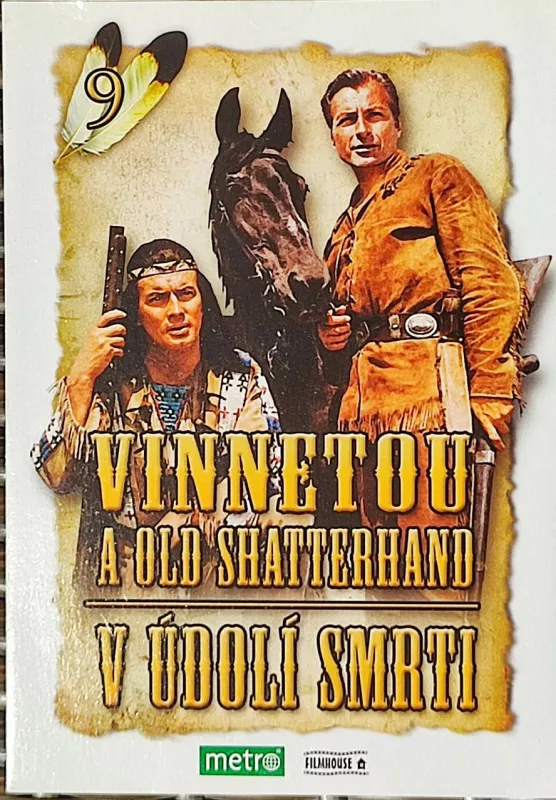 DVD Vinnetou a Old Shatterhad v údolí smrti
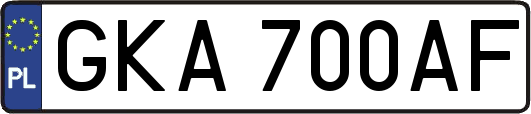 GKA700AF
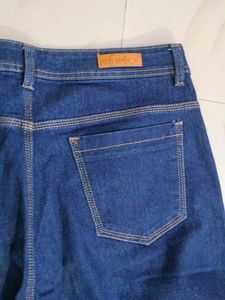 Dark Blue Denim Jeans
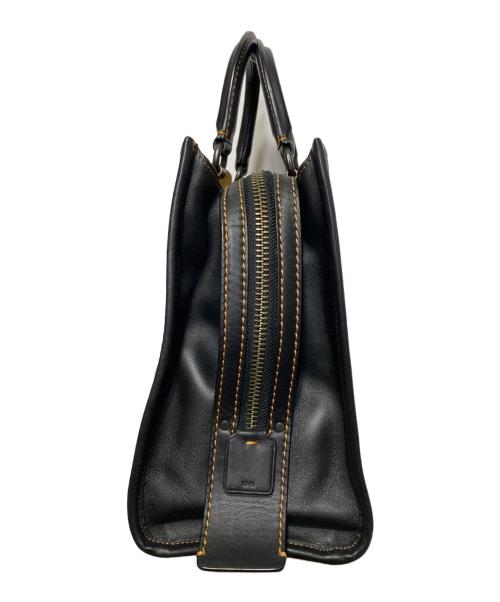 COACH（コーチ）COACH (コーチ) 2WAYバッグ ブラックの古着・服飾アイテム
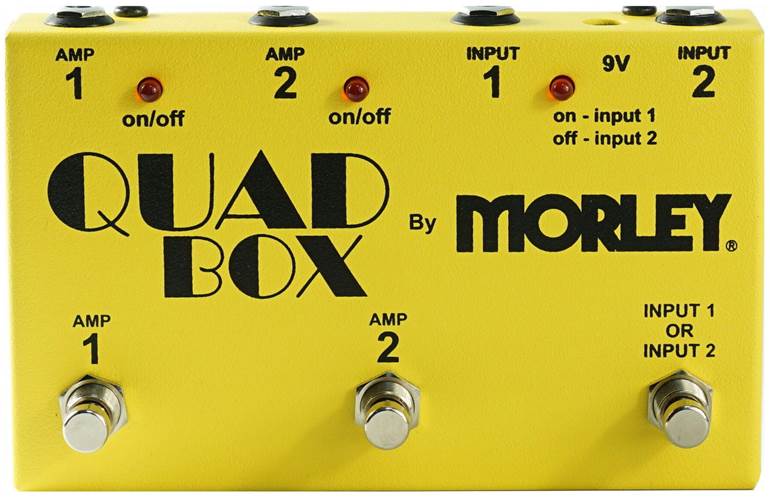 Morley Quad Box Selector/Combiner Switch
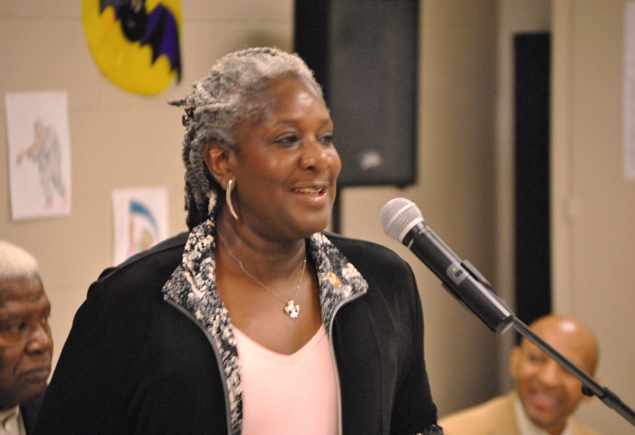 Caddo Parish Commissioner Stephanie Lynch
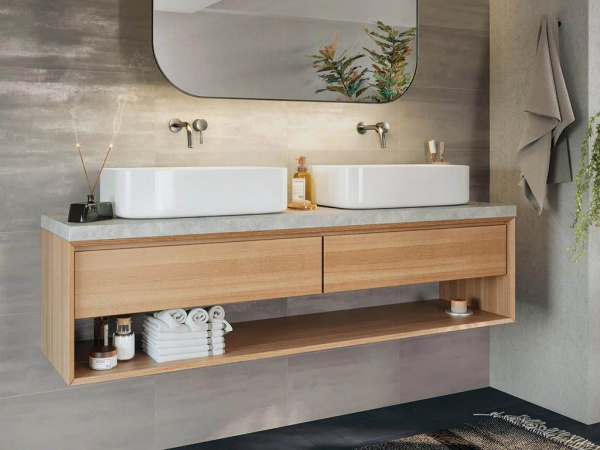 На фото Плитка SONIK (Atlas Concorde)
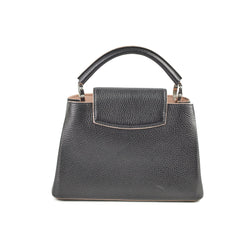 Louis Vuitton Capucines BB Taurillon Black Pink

▬▬▬▬▬▬

**What you have to do**
Everything in the records above should be retyped exactly except the pictures.

**Solved exercise**
 DVD Vinnetou a Old Shatterhad v údolí smrti
 GKA700AF
 Dark Blue Denim Jeans
 COACH（コーチ）COACH (コーチ) 2WAYバッグ ブラックの古着・服飾アイテム
 Morley Quad Box Selector/Combiner Switch
 Caddo Parish Commissioner Stephanie Lynch
 На фото Плитка SONIK (Atlas Concorde)
 Louis Vuitton Capucines BB Taurillon Black Pink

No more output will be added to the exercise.